Setahun Qanun Jinayat, Hukum Cambuk di Aceh Makin Eksesif
- ANTARA FOTO/Irwansyah Putra
VIVA.co.id – Pemerintah Indonesia didesak untuk mengakhiri hukum cambuk, sebagai sebuah bentuk penghukuman, dan merevisi beragam ketentuan di dalam Qanun Jinayat, hukum pidana Islam yang berlaku di Aceh. Sebab, hukum ini yang menyediakan pelanggaran hukum internasional dan pidana nasional.
Tuntutan ini disampaikan dalam rangka merefleksikan satu tahun penerapan hukum cambuk pada Qanun Jinayat, yang telah digunakan sebagai penghukuman untuk pelanggaran seperti menjual minuman beralkohol (khamar), hubungan seksual konsensual di luar ikatan perkawinan (zina), dan berduaan di dalam suatu tempat tertutup bersama orang lain yang berbeda kelamin di luar ikatan perkawinan (khalwat).
“Qanun Jinayat juga melegitimasi penggunaan hukuman badan/tubuh di Indonesia, yakni cambuk. Padahal sistem pemidanaan di Indonesia secara tegas melarang penggunaan hukuman cambuk,“ ujar Direktur Eksekutif Institute Criminal Justice Reform, Supriyadi Widodo Eddyono, di Jakarta, 23 Oktober 2016.
Menurutnya, penggunaan hukuman cambuk juga masuk dalam kategori penyiksaan, hukuman kejam tidak manusiawi, dan merendahkan martabat. Data Badan Perlindungan Perempuan dan Anak Aceh menyatakan bahwa pada 2013, jumlah kasus yang tercatat sebanyak 428 kasus, Tahun 2014 sebanyak 515 kasus dan tahun 2015 sebanyak 548 kasus. Pada 2015, paling tidak 108 orang dieksekusi hukum cambuk.
“Hukum cambuk ini secara rutin dilakukan di ruang-ruang publik untuk menarik perhatian banyak orang di mana mereka bisa mengambil foto dan video yang bisa menambah malu dan penderitaan jangka panjang bagi mereka yang dihukum oleh penghukuman yang kejam, menyakitkan, dan merendahkan martabat semacam ini,” jelasnya.

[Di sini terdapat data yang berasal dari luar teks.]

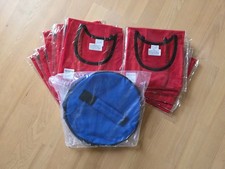 10 Mannschaftswesten Leibchen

Di 2016 berdasarkan pemantauan ICJR, Mahkamah Syariah Aceh paling tidak telah memutuskan 221 putusan perkara jinayat sejak Januari sampai September 2016. Di antara putusan itu, sedikitnya 180 terpidana telah dieksekusi cambuk di seluruh wilayah Aceh.
Dalam sepanjang pelaksanaan eksekusi cambuk tersebut, ICJR juga mendapati pelaksanaannya sarat akan pelanggaran.Penggunaannya diskriminatif karena tidak berlaku untuk beberapa orang yang memiliki jabatan. Serta menghasilkan budaya kekerasan, karena dipertontonkan secara umum.
“ICJR Meminta Pemerintah Indonesia untuk menghapuskan segala bentuk corporal punishment dalam peraturan perundang-undangannya dalam hal ini menghapuskan hukuman cambuk,” ucap Supriyadi.
Selain itu, meminta Pemerintah Indonesia mengevaluasi dan meninjau kembali keberadaan Qanun Jinayat di Aceh. Masyarakat juga diharapkan mengawasi pelaksanaan hukum ini karena sarat akan kekerasan, diskriminasi, dan pelanggaran.